“Sim, é uma guerra civil. E Houla poderia ser o ponto de ruptura. E agora a ONU é testemunha. Mas o partido Baaz tem raízes mais profundas que o sangue – perguntem a qualquer libanês – e nós, no Ocidente, logo nos esqueceremos de Hula, quando outra imagem de morte no YouTube aparecer em nossas telas da campina síria. Ou do Iêmen. Ou da próxima revolução”, escreve o jornalista Robert Fisk, em artigo publicado no jornal argentino Página/12, 30-05-2012. A tradução é do Cepat.

Eis o artigo.

Bashar Al Assad sairá incólume desta. Como saiu de Deraa. E de Homs. Sairá incólume de Hula. O mesmo acontecerá com a oposição armada ao regime e com a Al Qaida e qualquer outro grupo que aderir à tragédia da Síria. Sim, talvez seja este o momento crítico, o ponto de ruptura do horror, quando o colapso baazista se tornar inevitável, mais que provável.

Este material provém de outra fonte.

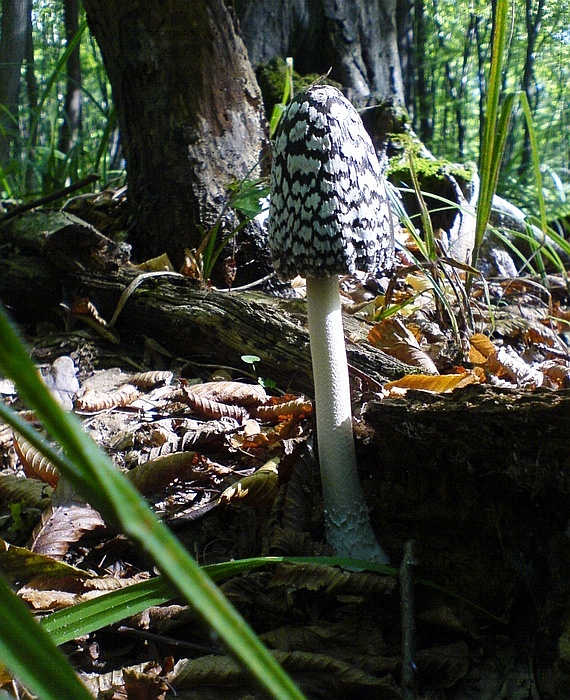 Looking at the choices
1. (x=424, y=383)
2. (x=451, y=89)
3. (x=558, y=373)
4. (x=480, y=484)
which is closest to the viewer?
(x=480, y=484)

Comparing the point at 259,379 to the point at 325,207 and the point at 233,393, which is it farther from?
the point at 325,207

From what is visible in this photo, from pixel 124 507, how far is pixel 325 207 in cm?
132

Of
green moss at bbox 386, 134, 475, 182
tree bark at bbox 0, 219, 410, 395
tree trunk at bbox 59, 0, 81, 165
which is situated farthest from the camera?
tree trunk at bbox 59, 0, 81, 165

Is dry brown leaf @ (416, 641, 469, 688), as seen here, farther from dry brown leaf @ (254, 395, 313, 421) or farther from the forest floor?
dry brown leaf @ (254, 395, 313, 421)

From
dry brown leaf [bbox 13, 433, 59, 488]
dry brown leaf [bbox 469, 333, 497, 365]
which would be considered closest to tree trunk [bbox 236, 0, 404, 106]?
dry brown leaf [bbox 469, 333, 497, 365]

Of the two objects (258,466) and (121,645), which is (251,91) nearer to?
(258,466)

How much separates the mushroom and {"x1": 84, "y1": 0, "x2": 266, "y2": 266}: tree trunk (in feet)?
5.47

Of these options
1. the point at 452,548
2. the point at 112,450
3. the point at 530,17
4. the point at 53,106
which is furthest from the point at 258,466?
the point at 53,106

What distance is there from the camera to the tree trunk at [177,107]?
10.6ft

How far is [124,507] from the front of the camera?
44 centimetres

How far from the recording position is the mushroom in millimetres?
1644

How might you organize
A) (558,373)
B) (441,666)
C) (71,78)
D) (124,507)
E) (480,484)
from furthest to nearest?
1. (71,78)
2. (558,373)
3. (480,484)
4. (441,666)
5. (124,507)

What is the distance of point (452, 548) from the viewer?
1.86 metres

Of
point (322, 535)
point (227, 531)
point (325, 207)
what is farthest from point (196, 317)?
point (325, 207) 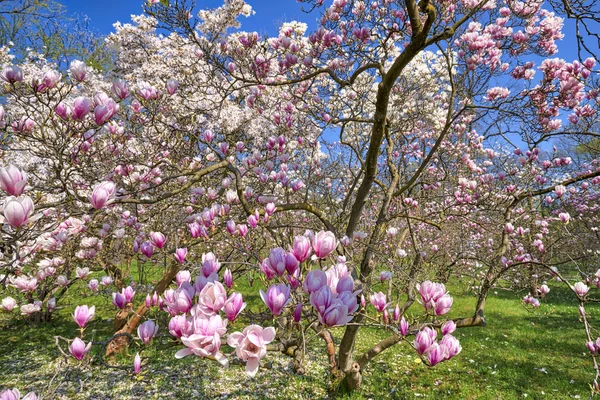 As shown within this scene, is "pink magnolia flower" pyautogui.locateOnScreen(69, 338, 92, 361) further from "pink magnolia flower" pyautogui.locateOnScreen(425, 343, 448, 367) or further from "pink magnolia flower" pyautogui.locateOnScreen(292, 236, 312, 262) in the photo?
"pink magnolia flower" pyautogui.locateOnScreen(425, 343, 448, 367)

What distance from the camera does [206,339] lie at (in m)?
0.97

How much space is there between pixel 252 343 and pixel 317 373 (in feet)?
13.2

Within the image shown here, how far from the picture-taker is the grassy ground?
3993 mm

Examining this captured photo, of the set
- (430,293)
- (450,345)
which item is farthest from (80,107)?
(450,345)

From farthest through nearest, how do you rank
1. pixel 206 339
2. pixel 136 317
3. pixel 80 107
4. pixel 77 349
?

Pode ser que o querido William Hague, ministro britânico do Exterior, esteja absolutamente horrorizado. A ONU também. Todos estão. Mas uma centena de Houlas atapetam o Oriente Médio, com suas crianças mortas empilham as estatísticas, estando facas, cordas e rifles entre as armas homicidas.

E o que aconteceria se os soldados de Assad deixassem que a milícia alauita fizesse para eles o trabalho sujo? Acaso a FLN (Frente de Libertação Nacional) argelina não usou as unidades da Guarda da Pátria para assassinar os seus opositores na década de 1990? Kadafi não empregou, no ano passado, os seus leais milicianos e Mubarak os seus drogados ex-policiais, os baltagi, para arrasar os opositores do regime? Acaso Israel não se valeu de seus aliados falangistas libaneses para intimidar e matar os seus opositores no Líbano? Não foi tudo isso também governar assassinando? E, pensando bem, não foram as forças especiais de Rifaat, o tio de Bashar al Assad, que massacraram os insurgentes de Hama em 1982? (Não digam isto em voz muito alta, porque Rifaat vive agora entre Paris e Londres.) Então, quem acredita em Bashar não pode sair incólume de Hula?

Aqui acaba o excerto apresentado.